Mi eterno amor al MAR

Han sido siempre estancias cerca del ambiente marino y en esas condiciones, observo como la brisa mece las hojas de las palmeras que se alinean a lo largo del paseo marítimo. Tendido en la arena mis ojos se cierran con el arrullo de las olas. Hace calor y cuesta pensar, cuesta hacer otra cosa que no sea evadirse con la lectura o la contemplación. Abrir el periódico o la novela, observar a los que pasan por delante de nuestra sombrilla, abandonarse a la ensoñación, a la modorra que provoca la salmodia del mar, la misma que han escuchado durante miles de años todos los humanos. A nuestro alrededor, la gente es un grito sordo de niños que juegan, de padres que se cuentan sus pequeñas historias y se animan a olvidar, de jóvenes que sueñan el amor y la grandeza, de gaviotas que surcan el cielo buscando algún barco pesquero, con marineros de barbas blancas y camisas pringosas.
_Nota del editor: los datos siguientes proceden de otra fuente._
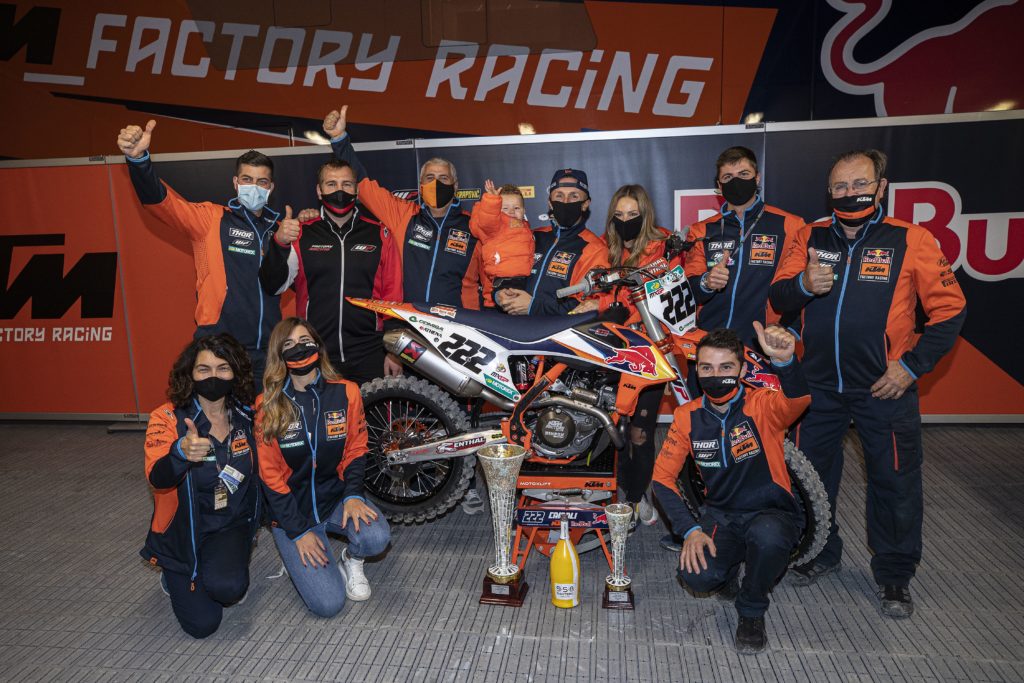 Tony Cairoli mit Team nach dem Sieg in Trentino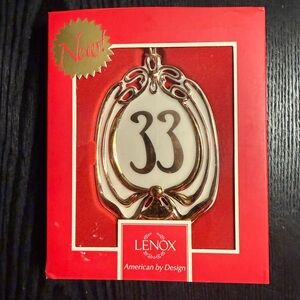 Lenox Disney Club 33 Showcase Collection Ornament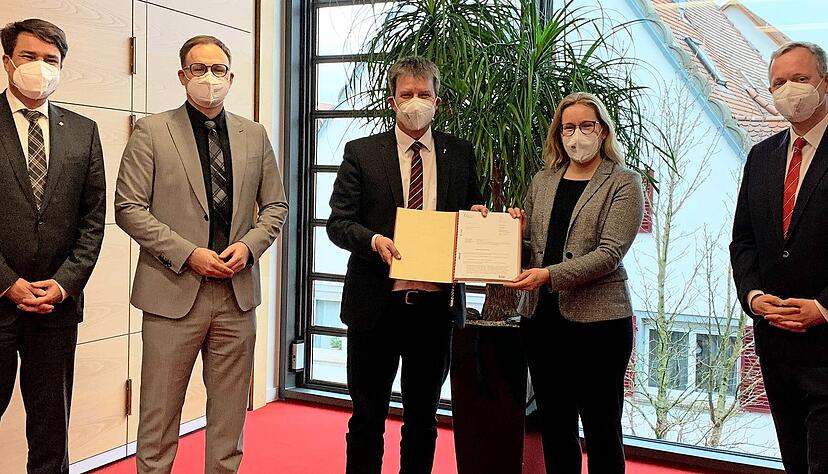 OB Thilo Michler überreicht die Baugenehmigung an Melanie Junge, kaufmännische Direktorin des Hohenloher Krankenhauses. Daneben BBT-Geschäftsführer Matthias Warmuth, BBT-Regionalleiter Marc Reggentin und Landrat Matthias Neth.
Foto: privat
Y es que, desde el refugio del parasol, el mundo se ensancha en las historias de ficción y se desnuda a nuestros ojos en las páginas del periódico o las revistas. Escudriñamos los campos lejanos llenos de terrenos sedientos, las montañas que retan el corazón de los caminantes, la arena de la playa donde pisan ansiosamente los pies desnudos. Qué dulce dominio, qué maravillosa sensación de poder y de inmunidad. A orillas del mar, las noticias cobran de inmediato un aire de pulcritud y aseo. La brisa y el sonido de las olas purifica cualquier dolor, arrastra los ríos de sangre y perdona todos los pecados. La cercanía del mar disculpa, también, el necio espectáculo que ofrecen los imbéciles que inundan el mundo. Qué puede significar esa sensación temporal a los ojos de quién tiene el dominio de los océanos, de quién conoce el nombre de cada gota de sus aguas.